Desde octubre de 1965 a octubre de 1995, salvo mi breve exilio laboral voluntario de doce meses en Las Palmas, 1967-1968, durante 29 años trabajé al lado de Carantoña, lo que puede concederme la autoridad necesaria para ejercer, y de hecho ejerzo cuando lo estimo necesario, como carantoñólogo, no porque Carantoña necesite ser interpretado, sino para evitar que quienes no le conocieron sean intoxicados con versiones espurias, cúmulo de insensateces o despropósitos en torno a la figura del extraordinario periodista que fue. Sé lo que digo porque más de un erudito a la violeta, algún tontorolo diplomado, gente que toca de oído, en fin, ha venido a contarme cómo era Carantoña por dentro, en el periódico. Manda calao…

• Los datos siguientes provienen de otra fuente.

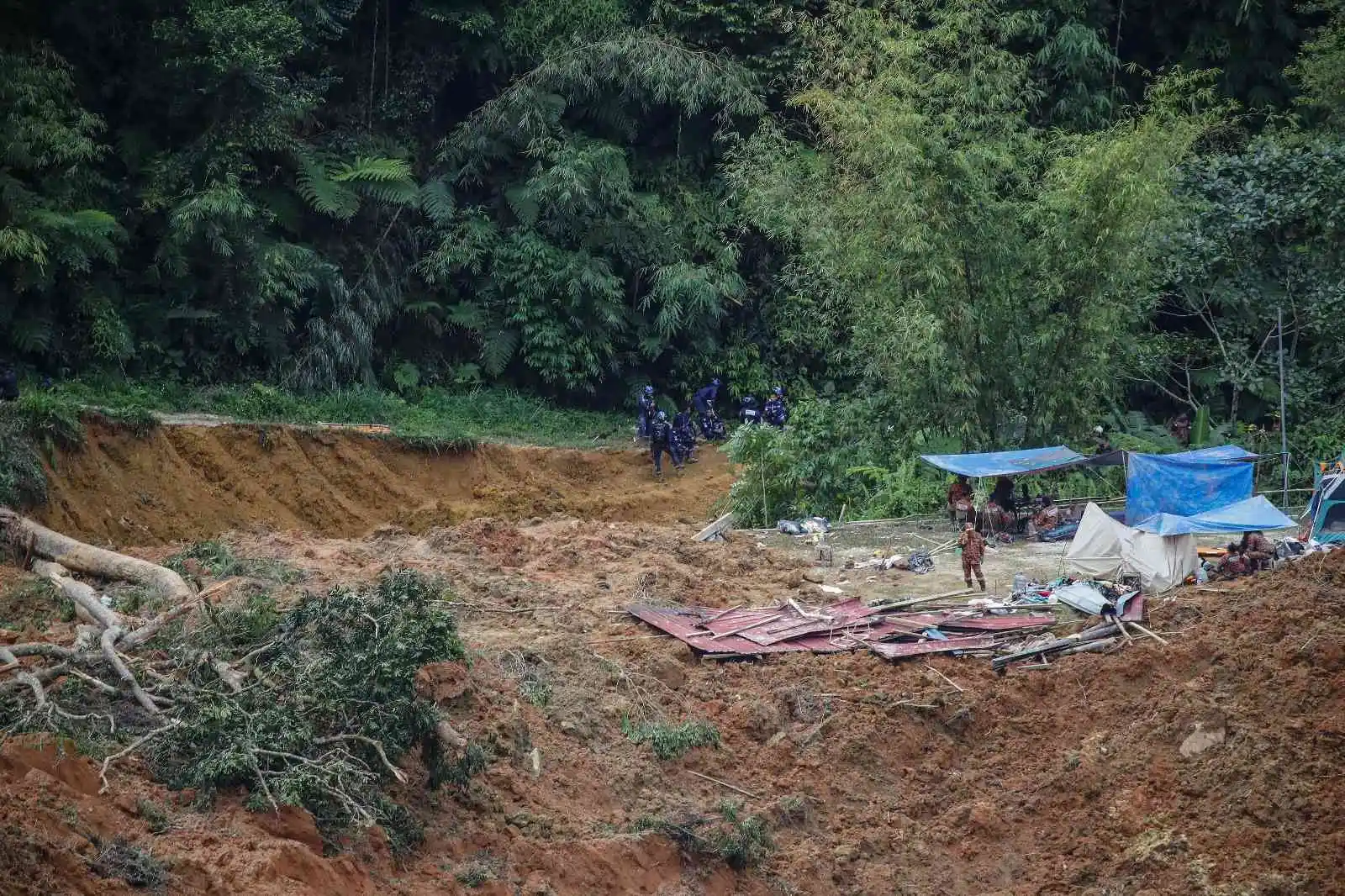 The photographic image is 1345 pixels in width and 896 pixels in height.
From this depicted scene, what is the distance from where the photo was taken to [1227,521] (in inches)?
507

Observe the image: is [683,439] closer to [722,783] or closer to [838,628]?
[838,628]

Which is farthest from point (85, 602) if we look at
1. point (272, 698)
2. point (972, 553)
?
point (972, 553)

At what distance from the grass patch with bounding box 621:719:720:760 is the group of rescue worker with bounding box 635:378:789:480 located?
10.3 m

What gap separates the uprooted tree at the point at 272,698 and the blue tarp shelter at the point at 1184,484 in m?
8.66

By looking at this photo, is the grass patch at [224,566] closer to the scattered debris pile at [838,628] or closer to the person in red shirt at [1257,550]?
the scattered debris pile at [838,628]

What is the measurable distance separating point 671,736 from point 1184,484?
23.9ft

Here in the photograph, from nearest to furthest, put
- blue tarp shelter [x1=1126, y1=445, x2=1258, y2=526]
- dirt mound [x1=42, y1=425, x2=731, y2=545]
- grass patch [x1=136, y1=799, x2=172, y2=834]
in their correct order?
grass patch [x1=136, y1=799, x2=172, y2=834]
blue tarp shelter [x1=1126, y1=445, x2=1258, y2=526]
dirt mound [x1=42, y1=425, x2=731, y2=545]

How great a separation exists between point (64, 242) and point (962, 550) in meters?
13.3

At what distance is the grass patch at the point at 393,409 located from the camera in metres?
19.7

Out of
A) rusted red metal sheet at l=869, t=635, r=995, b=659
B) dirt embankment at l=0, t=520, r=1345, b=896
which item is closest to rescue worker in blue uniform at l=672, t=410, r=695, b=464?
dirt embankment at l=0, t=520, r=1345, b=896

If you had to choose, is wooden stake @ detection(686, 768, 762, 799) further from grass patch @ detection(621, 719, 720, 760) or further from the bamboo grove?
the bamboo grove

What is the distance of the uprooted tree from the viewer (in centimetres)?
781

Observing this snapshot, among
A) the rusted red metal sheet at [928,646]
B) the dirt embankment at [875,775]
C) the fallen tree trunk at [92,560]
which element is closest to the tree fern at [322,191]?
the fallen tree trunk at [92,560]

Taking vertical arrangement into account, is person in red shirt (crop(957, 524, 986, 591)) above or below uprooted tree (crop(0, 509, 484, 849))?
below
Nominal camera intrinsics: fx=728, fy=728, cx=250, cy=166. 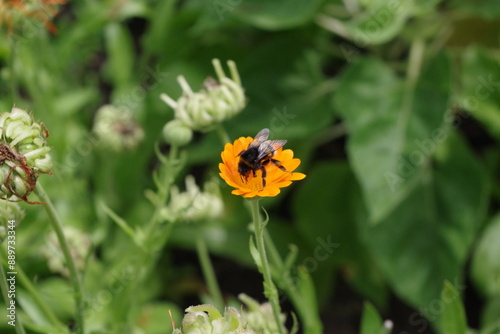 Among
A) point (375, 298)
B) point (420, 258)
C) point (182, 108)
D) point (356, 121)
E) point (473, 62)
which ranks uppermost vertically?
point (182, 108)

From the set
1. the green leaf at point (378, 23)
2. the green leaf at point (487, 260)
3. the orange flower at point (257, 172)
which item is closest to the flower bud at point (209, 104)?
the orange flower at point (257, 172)

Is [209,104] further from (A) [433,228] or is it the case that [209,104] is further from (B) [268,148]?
(A) [433,228]

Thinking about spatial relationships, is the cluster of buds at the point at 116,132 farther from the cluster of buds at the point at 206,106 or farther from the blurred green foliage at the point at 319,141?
the cluster of buds at the point at 206,106

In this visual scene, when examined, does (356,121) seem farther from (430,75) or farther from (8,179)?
(8,179)

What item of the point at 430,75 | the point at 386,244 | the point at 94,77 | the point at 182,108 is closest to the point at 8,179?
the point at 182,108

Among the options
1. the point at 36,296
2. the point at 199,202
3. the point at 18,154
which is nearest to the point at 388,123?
the point at 199,202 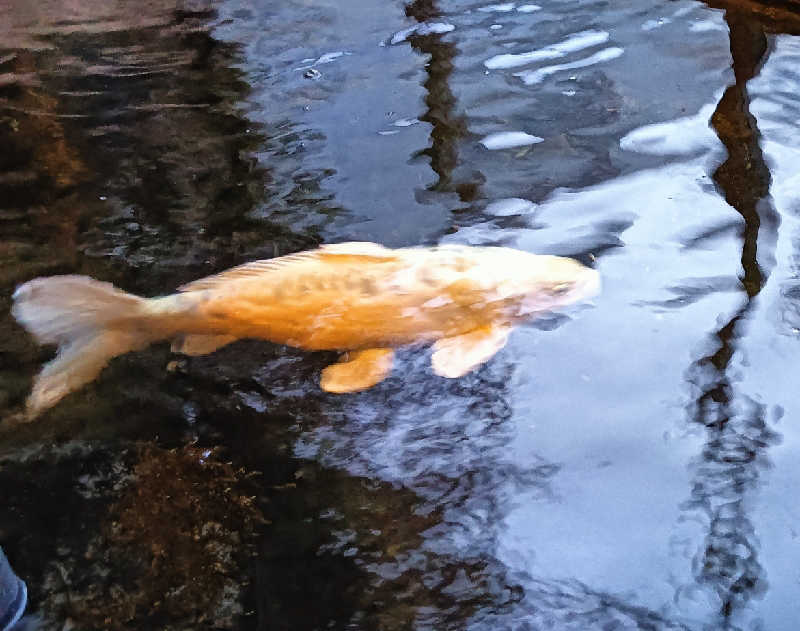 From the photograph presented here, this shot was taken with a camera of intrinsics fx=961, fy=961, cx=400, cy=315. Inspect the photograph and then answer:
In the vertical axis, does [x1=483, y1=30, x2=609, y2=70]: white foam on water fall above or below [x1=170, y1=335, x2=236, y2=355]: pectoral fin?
above

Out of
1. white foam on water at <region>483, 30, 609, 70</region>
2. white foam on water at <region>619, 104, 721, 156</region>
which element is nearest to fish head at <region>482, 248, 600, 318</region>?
white foam on water at <region>619, 104, 721, 156</region>

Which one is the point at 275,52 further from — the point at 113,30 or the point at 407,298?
the point at 407,298

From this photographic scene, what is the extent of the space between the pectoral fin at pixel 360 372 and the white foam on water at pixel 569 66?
10.5 feet

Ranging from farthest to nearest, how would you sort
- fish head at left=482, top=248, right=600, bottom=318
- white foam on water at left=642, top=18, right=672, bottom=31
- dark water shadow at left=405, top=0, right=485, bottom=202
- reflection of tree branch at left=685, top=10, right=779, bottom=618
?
1. white foam on water at left=642, top=18, right=672, bottom=31
2. dark water shadow at left=405, top=0, right=485, bottom=202
3. fish head at left=482, top=248, right=600, bottom=318
4. reflection of tree branch at left=685, top=10, right=779, bottom=618

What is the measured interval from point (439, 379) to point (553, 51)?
3.73m

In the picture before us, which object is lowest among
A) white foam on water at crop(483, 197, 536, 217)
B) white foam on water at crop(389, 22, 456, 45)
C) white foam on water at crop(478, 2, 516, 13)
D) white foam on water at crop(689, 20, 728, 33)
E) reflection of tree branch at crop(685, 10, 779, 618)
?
reflection of tree branch at crop(685, 10, 779, 618)

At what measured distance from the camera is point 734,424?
3.50 m

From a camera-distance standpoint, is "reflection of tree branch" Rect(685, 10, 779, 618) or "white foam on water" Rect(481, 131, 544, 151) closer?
"reflection of tree branch" Rect(685, 10, 779, 618)

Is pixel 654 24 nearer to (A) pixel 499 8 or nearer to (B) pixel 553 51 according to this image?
(B) pixel 553 51

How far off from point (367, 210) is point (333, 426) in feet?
5.53

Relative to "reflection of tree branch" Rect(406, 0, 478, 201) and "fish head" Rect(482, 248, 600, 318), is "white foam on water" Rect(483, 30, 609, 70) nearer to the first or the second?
"reflection of tree branch" Rect(406, 0, 478, 201)

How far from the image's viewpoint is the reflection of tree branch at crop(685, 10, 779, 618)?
2.96m

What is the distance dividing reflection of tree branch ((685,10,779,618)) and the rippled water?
1cm

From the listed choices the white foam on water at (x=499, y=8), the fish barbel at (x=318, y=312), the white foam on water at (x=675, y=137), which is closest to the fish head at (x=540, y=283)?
the fish barbel at (x=318, y=312) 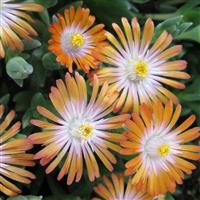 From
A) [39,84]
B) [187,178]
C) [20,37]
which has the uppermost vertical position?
[20,37]

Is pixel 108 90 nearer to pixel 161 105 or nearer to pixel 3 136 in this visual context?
pixel 161 105

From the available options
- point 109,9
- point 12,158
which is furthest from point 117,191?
point 109,9

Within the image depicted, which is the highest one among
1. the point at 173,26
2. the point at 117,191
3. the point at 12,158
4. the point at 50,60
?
the point at 173,26

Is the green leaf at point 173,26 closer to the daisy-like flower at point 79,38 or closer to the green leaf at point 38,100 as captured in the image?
the daisy-like flower at point 79,38

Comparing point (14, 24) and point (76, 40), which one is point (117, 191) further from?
point (14, 24)

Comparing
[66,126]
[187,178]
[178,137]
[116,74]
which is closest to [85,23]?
[116,74]

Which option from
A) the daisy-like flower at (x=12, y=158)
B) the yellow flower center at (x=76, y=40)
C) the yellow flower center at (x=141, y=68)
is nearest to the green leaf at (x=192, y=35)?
the yellow flower center at (x=141, y=68)

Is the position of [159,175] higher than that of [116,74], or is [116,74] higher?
[116,74]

Carantoña acababa de comprar su primer coche, un 2 CV –luego tendría un Simca 1000, un R-12, otro R-12…-. Detrás de aquella aparente coraza de aislamiento o circunspección, probablemente un escudo para defenderse de los efectos de una presunta timidez, o no, que cabría deducir desde fuera, estaba una persona que de cerca se manifestaba afectuosa, entrañable, sentimental, con gran sentido del humor, desprendida (Jenaro Allongo me contaba que incluso llegó a pedir adelantos salariales para socorrer con viáticos a marineros de su pueblo que, de paso por Gijón, iban al periódico a darle el sablazo). Un gran tipo, sí.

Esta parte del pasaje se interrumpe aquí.